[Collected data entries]
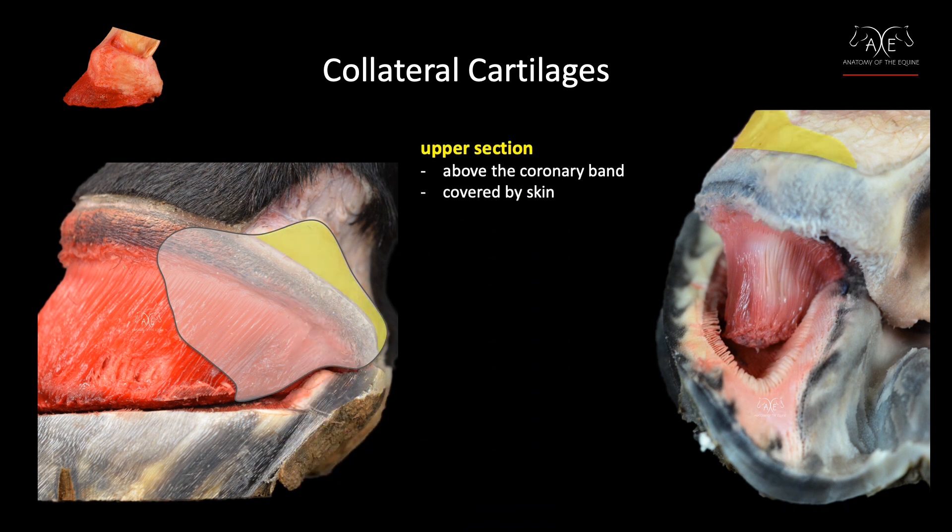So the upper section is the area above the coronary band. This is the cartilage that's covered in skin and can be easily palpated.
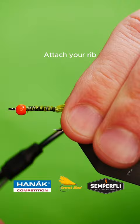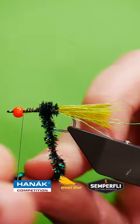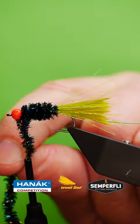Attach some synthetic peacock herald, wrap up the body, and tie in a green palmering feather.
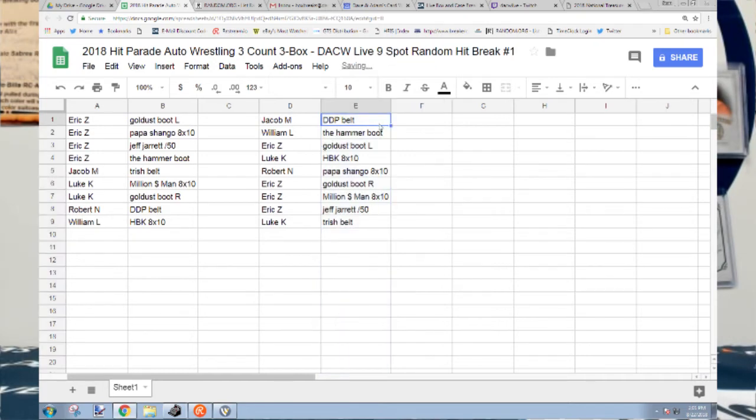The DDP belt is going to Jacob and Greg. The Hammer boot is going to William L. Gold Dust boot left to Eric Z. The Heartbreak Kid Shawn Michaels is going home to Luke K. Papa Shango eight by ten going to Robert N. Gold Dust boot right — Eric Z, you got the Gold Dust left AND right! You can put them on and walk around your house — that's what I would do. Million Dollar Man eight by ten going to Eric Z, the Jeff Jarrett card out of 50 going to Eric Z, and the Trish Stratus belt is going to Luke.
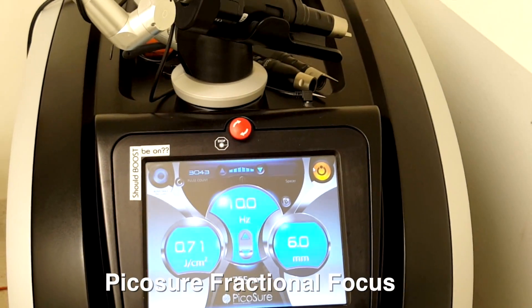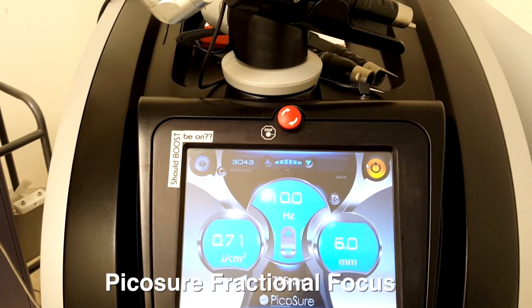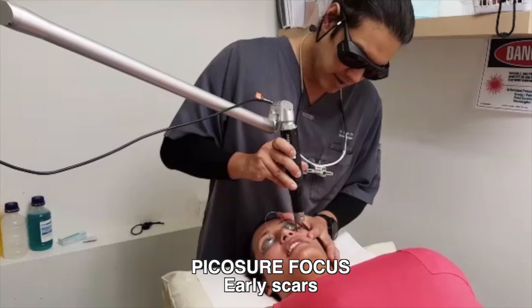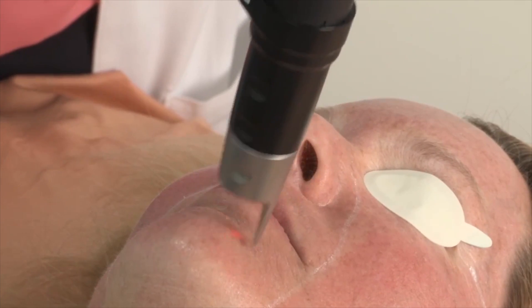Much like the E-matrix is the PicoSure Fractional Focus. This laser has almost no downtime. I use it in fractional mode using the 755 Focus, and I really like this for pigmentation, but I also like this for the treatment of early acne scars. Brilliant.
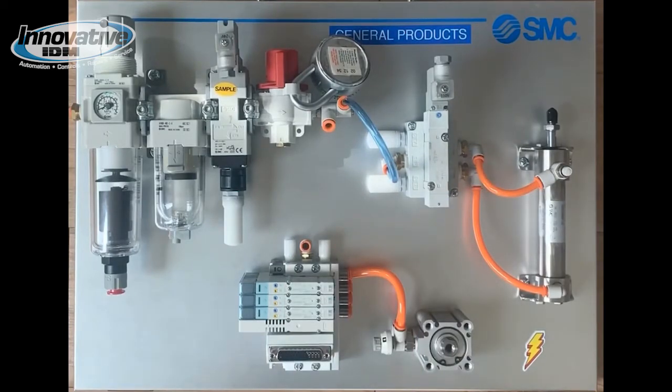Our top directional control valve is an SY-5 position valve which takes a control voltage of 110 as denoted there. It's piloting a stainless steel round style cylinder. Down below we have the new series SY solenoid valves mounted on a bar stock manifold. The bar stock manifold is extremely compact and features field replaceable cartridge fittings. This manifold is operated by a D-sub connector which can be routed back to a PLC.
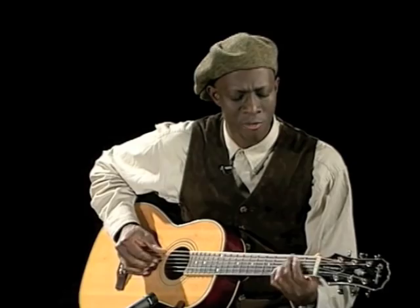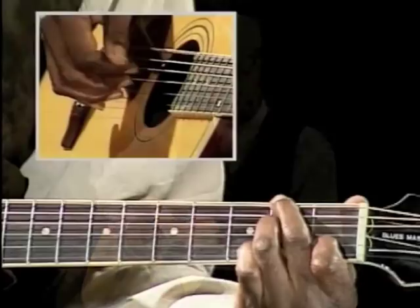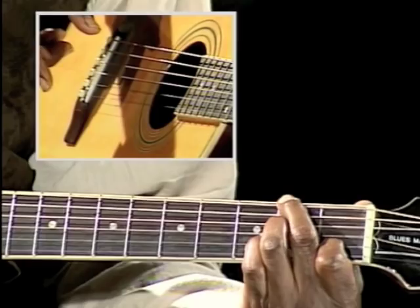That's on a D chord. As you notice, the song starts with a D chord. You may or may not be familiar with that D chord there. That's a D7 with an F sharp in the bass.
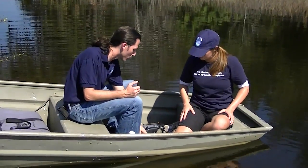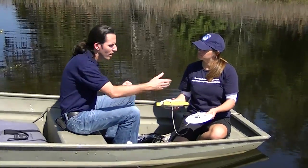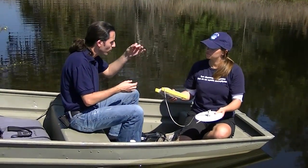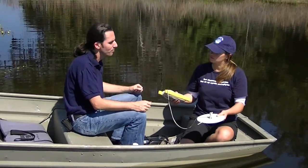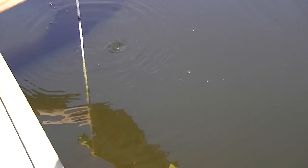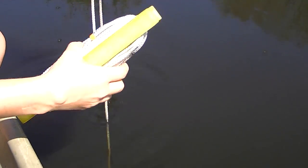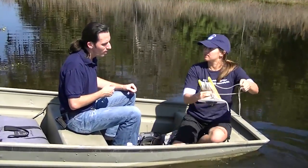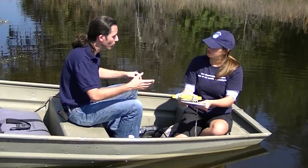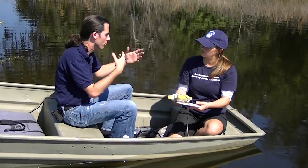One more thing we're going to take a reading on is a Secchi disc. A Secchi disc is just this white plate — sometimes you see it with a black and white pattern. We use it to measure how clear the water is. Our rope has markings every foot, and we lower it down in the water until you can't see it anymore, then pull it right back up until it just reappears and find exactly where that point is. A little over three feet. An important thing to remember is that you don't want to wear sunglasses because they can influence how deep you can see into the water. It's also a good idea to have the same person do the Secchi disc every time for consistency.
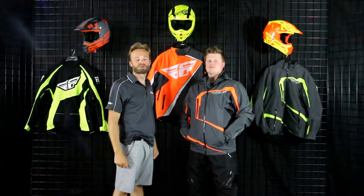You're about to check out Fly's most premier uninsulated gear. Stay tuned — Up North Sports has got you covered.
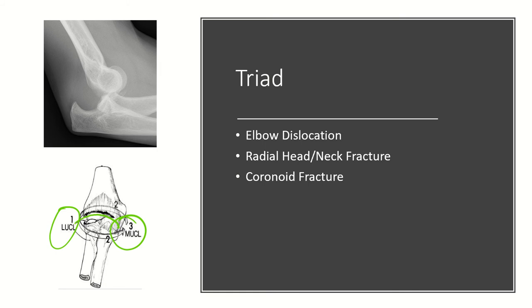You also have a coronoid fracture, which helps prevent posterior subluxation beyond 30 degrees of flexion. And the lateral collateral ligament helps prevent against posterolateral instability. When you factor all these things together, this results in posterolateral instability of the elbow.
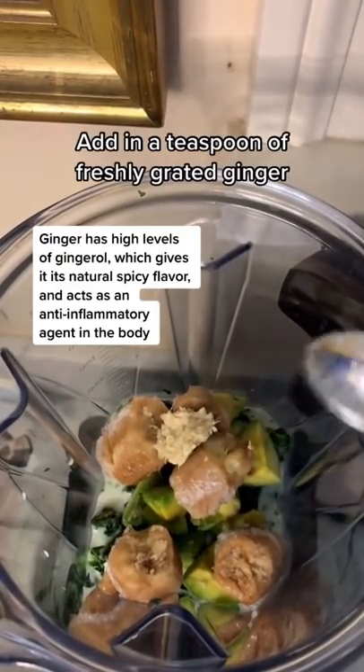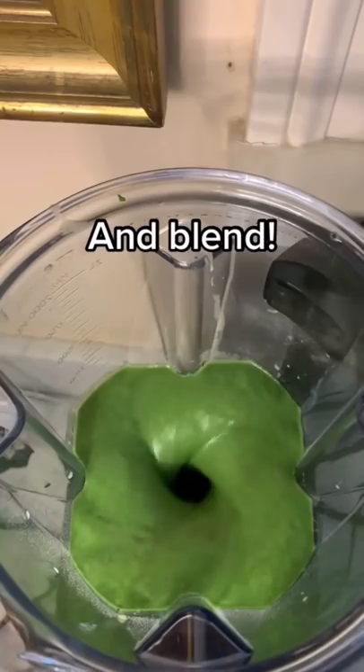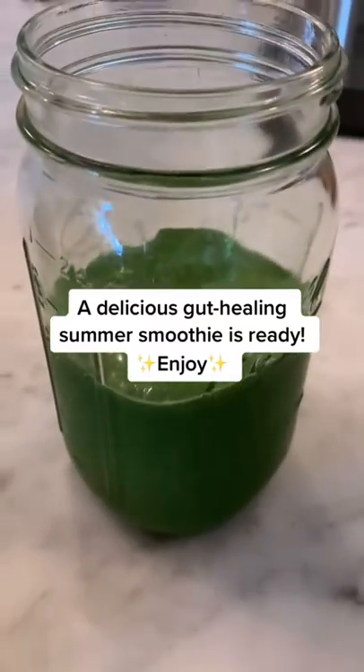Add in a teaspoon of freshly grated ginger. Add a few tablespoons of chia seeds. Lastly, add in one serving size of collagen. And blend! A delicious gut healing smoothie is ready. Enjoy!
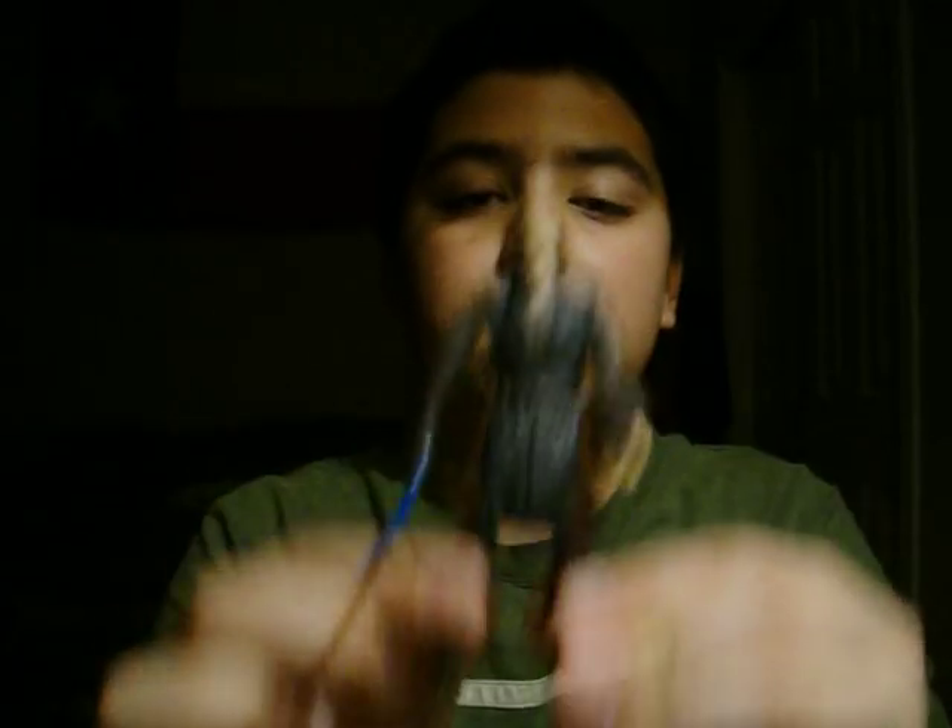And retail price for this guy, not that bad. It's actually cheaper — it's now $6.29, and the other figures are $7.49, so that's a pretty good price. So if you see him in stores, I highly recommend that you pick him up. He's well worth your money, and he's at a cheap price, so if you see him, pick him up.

▶ [What to work on]
Please repeat, with no pictures, each line from the start of the records above through the line with "Much like the", inclusive, and only those.

▶ [Solution to the problem]
So the upper section is the area above the coronary band. This is the cartilage that's covered in skin and can be easily palpated.
Attach some synthetic peacock herald, wrap up the body, and tie in a green palmering feather.
The DDP belt is going to Jacob and Greg. The Hammer boot is going to William L. Gold Dust boot left to Eric Z. The Heartbreak Kid Shawn Michaels is going home to Luke K. Papa Shango eight by ten going to Robert N. Gold Dust boot right — Eric Z, you got the Gold Dust left AND right! You can put them on and walk around your house — that's what I would do. Million Dollar Man eight by ten going to Eric Z, the Jeff Jarrett card out of 50 going to Eric Z, and the Trish Stratus belt is going to Luke.
Much like the E-matrix is the PicoSure Fractional Focus. This laser has almost no downtime. I use it in fractional mode using the 755 Focus, and I really like this for pigmentation, but I also like this for the treatment of early acne scars. Brilliant.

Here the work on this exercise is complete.